TASK PROMPT
Please reproduce each line of the data below exactly as shown.

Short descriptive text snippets
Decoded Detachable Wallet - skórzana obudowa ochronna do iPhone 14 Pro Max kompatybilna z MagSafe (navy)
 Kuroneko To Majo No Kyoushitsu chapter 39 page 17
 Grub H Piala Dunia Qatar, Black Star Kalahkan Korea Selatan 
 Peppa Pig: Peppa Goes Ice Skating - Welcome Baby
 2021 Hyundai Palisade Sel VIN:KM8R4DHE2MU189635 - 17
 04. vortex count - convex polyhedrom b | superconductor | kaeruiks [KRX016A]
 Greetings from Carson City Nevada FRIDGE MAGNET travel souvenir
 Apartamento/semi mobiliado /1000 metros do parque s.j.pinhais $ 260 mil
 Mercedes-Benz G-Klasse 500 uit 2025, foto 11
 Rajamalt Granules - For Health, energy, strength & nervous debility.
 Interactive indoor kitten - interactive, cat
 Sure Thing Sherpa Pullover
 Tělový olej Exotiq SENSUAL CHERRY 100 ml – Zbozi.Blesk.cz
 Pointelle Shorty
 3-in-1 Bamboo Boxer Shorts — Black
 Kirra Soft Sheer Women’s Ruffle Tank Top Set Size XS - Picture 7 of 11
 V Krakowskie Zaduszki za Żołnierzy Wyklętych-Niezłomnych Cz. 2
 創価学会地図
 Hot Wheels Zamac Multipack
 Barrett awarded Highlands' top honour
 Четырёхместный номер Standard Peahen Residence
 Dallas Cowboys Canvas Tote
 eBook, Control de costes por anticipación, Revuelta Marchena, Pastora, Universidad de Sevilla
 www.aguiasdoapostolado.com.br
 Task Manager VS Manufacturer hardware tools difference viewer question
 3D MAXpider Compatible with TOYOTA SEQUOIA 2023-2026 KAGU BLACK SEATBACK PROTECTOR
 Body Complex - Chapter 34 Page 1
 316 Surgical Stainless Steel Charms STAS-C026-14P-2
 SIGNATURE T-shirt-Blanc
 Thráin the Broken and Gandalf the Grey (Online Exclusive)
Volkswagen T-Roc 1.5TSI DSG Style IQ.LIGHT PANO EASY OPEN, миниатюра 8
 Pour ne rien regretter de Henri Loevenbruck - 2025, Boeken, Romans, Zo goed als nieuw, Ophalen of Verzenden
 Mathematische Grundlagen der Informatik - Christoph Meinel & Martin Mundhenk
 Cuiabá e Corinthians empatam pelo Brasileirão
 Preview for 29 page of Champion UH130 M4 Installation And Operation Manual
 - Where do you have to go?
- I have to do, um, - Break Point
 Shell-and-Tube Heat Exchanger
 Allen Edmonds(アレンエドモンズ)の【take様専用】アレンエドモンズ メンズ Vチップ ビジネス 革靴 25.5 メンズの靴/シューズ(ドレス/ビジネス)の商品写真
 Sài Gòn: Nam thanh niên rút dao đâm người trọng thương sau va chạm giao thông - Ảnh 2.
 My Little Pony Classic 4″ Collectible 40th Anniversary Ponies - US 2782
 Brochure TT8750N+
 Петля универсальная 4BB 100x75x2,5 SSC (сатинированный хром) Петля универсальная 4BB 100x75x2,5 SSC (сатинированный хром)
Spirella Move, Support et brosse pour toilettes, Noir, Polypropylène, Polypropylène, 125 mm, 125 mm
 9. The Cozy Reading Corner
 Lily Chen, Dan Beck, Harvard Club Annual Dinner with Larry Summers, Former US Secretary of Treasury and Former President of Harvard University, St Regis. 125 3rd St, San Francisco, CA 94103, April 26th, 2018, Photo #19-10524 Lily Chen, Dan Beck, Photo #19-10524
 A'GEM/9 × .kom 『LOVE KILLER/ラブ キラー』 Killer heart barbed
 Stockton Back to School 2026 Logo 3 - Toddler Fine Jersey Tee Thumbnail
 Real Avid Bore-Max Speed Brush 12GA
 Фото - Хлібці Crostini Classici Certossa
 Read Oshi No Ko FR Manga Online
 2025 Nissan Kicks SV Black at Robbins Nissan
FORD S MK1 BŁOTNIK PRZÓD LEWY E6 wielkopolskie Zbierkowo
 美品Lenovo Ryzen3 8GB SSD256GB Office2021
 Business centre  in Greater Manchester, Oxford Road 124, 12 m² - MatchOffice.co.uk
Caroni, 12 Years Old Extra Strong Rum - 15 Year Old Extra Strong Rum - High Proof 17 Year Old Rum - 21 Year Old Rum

SOLUTION FOR THIS TASK
Decoded Detachable Wallet - skórzana obudowa ochronna do iPhone 14 Pro Max kompatybilna z MagSafe (navy)
 Kuroneko To Majo No Kyoushitsu chapter 39 page 17
 Grub H Piala Dunia Qatar, Black Star Kalahkan Korea Selatan 
 Peppa Pig: Peppa Goes Ice Skating - Welcome Baby
 2021 Hyundai Palisade Sel VIN:KM8R4DHE2MU189635 - 17
 04. vortex count - convex polyhedrom b | superconductor | kaeruiks [KRX016A]
 Greetings from Carson City Nevada FRIDGE MAGNET travel souvenir
 Apartamento/semi mobiliado /1000 metros do parque s.j.pinhais $ 260 mil
 Mercedes-Benz G-Klasse 500 uit 2025, foto 11
 Rajamalt Granules - For Health, energy, strength & nervous debility.
 Interactive indoor kitten - interactive, cat
 Sure Thing Sherpa Pullover
 Tělový olej Exotiq SENSUAL CHERRY 100 ml – Zbozi.Blesk.cz
 Pointelle Shorty
 3-in-1 Bamboo Boxer Shorts — Black
 Kirra Soft Sheer Women’s Ruffle Tank Top Set Size XS - Picture 7 of 11
 V Krakowskie Zaduszki za Żołnierzy Wyklętych-Niezłomnych Cz. 2
 創価学会地図
 Hot Wheels Zamac Multipack
 Barrett awarded Highlands' top honour
 Четырёхместный номер Standard Peahen Residence
 Dallas Cowboys Canvas Tote
 eBook, Control de costes por anticipación, Revuelta Marchena, Pastora, Universidad de Sevilla
 www.aguiasdoapostolado.com.br
 Task Manager VS Manufacturer hardware tools difference viewer question
 3D MAXpider Compatible with TOYOTA SEQUOIA 2023-2026 KAGU BLACK SEATBACK PROTECTOR
 Body Complex - Chapter 34 Page 1
 316 Surgical Stainless Steel Charms STAS-C026-14P-2
 SIGNATURE T-shirt-Blanc
 Thráin the Broken and Gandalf the Grey (Online Exclusive)
Volkswagen T-Roc 1.5TSI DSG Style IQ.LIGHT PANO EASY OPEN, миниатюра 8
 Pour ne rien regretter de Henri Loevenbruck - 2025, Boeken, Romans, Zo goed als nieuw, Ophalen of Verzenden
 Mathematische Grundlagen der Informatik - Christoph Meinel & Martin Mundhenk
 Cuiabá e Corinthians empatam pelo Brasileirão
 Preview for 29 page of Champion UH130 M4 Installation And Operation Manual
 - Where do you have to go?
- I have to do, um, - Break Point
 Shell-and-Tube Heat Exchanger
 Allen Edmonds(アレンエドモンズ)の【take様専用】アレンエドモンズ メンズ Vチップ ビジネス 革靴 25.5 メンズの靴/シューズ(ドレス/ビジネス)の商品写真
 Sài Gòn: Nam thanh niên rút dao đâm người trọng thương sau va chạm giao thông - Ảnh 2.
 My Little Pony Classic 4″ Collectible 40th Anniversary Ponies - US 2782
 Brochure TT8750N+
 Петля универсальная 4BB 100x75x2,5 SSC (сатинированный хром) Петля универсальная 4BB 100x75x2,5 SSC (сатинированный хром)
Spirella Move, Support et brosse pour toilettes, Noir, Polypropylène, Polypropylène, 125 mm, 125 mm
 9. The Cozy Reading Corner
 Lily Chen, Dan Beck, Harvard Club Annual Dinner with Larry Summers, Former US Secretary of Treasury and Former President of Harvard University, St Regis. 125 3rd St, San Francisco, CA 94103, April 26th, 2018, Photo #19-10524 Lily Chen, Dan Beck, Photo #19-10524
 A'GEM/9 × .kom 『LOVE KILLER/ラブ キラー』 Killer heart barbed
 Stockton Back to School 2026 Logo 3 - Toddler Fine Jersey Tee Thumbnail
 Real Avid Bore-Max Speed Brush 12GA
 Фото - Хлібці Crostini Classici Certossa
 Read Oshi No Ko FR Manga Online
 2025 Nissan Kicks SV Black at Robbins Nissan
FORD S MK1 BŁOTNIK PRZÓD LEWY E6 wielkopolskie Zbierkowo
 美品Lenovo Ryzen3 8GB SSD256GB Office2021
 Business centre  in Greater Manchester, Oxford Road 124, 12 m² - MatchOffice.co.uk
Caroni, 12 Years Old Extra Strong Rum - 15 Year Old Extra Strong Rum - High Proof 17 Year Old Rum - 21 Year Old Rum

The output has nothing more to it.